Listed entries:
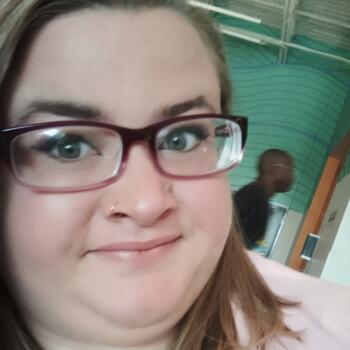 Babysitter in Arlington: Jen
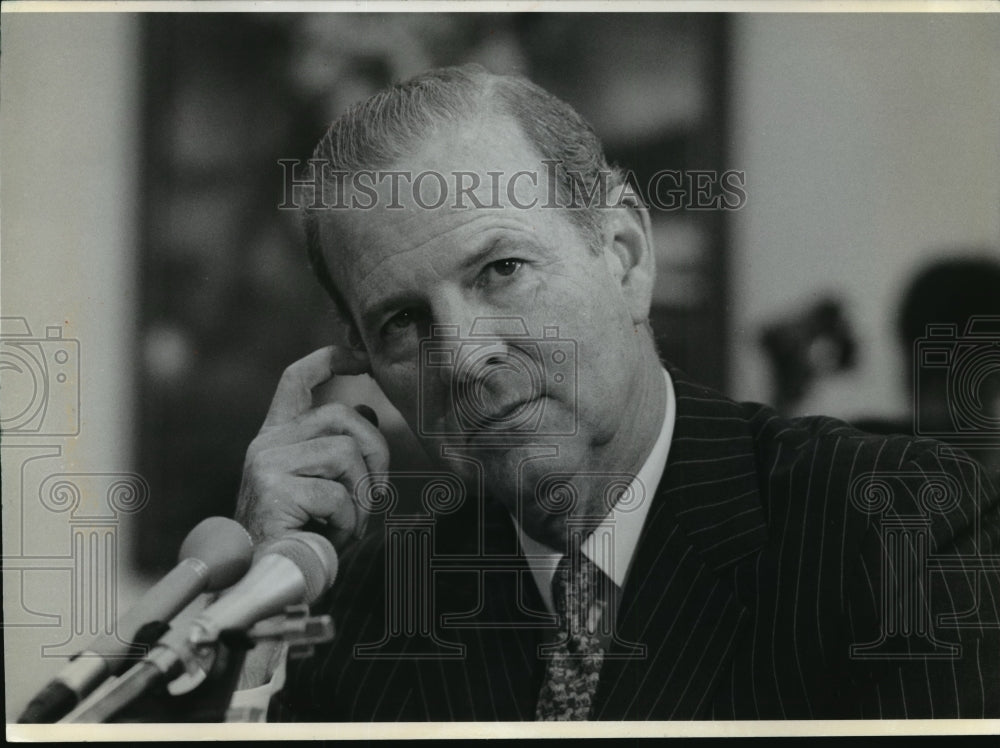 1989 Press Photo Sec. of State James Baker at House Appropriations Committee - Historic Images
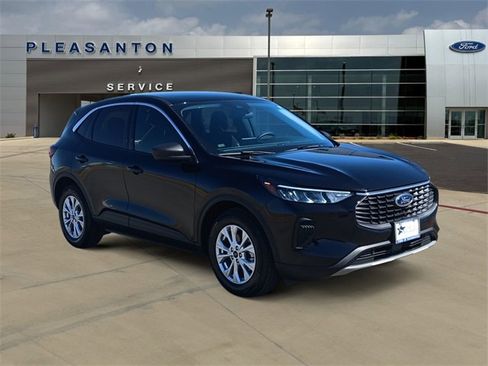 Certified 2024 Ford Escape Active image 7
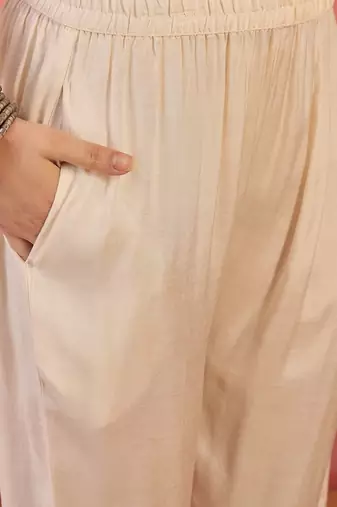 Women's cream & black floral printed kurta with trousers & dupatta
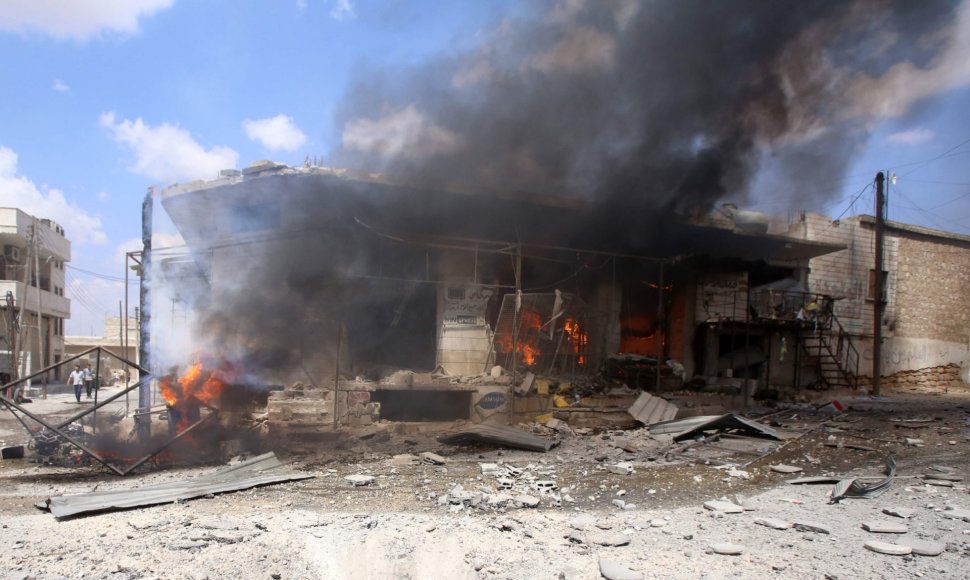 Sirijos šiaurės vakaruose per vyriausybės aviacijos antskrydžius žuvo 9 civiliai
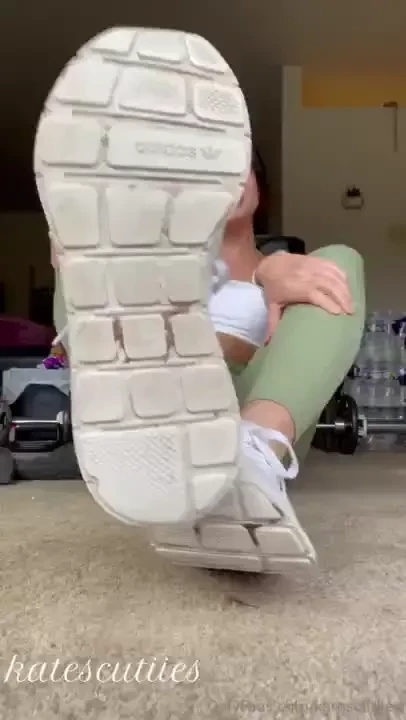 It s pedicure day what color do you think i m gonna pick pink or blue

---

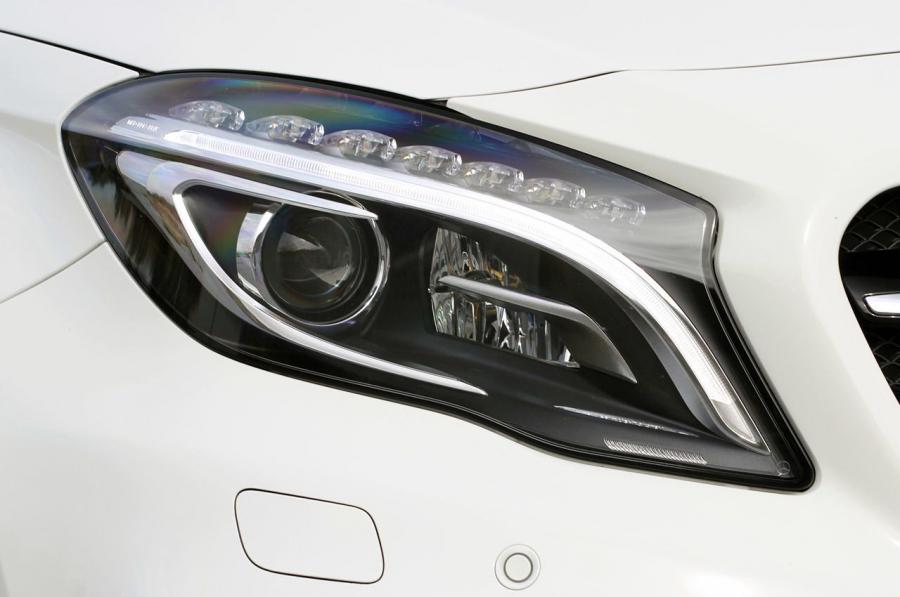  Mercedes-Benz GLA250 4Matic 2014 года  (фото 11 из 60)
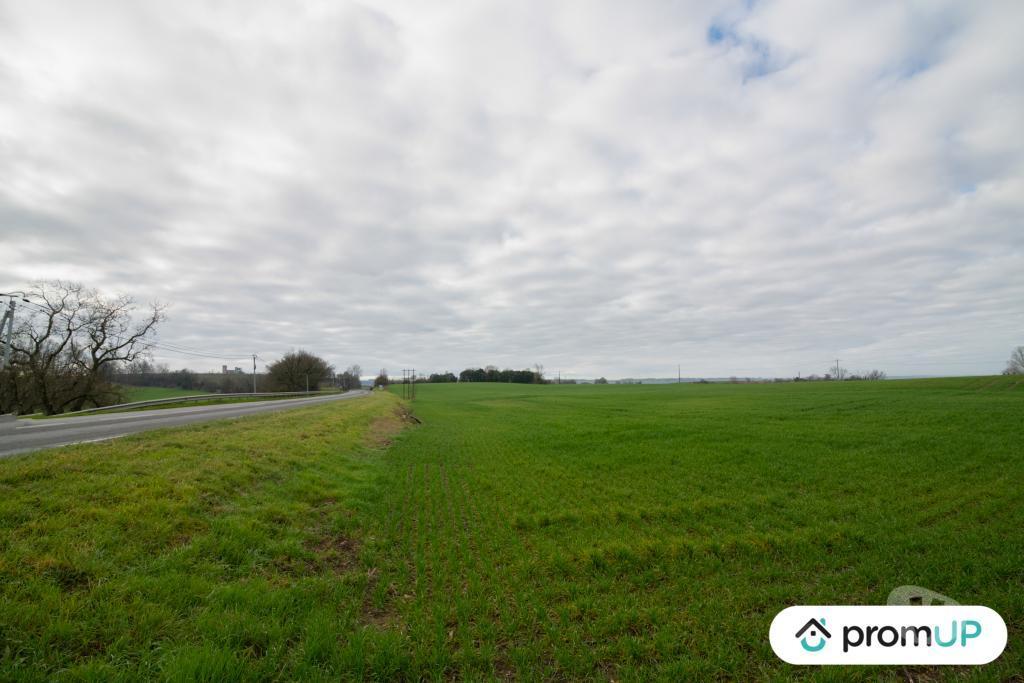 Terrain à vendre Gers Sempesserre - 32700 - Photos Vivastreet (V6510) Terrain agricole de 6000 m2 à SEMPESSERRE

Problem to work on: Look above for the line holding "Women's cream &" and output everything from it down to the line holding "It s pedicure", both ends included, exactly and without images.

Final answer:
 Women's cream & black floral printed kurta with trousers & dupatta
 Sirijos šiaurės vakaruose per vyriausybės aviacijos antskrydžius žuvo 9 civiliai
 It s pedicure day what color do you think i m gonna pick pink or blue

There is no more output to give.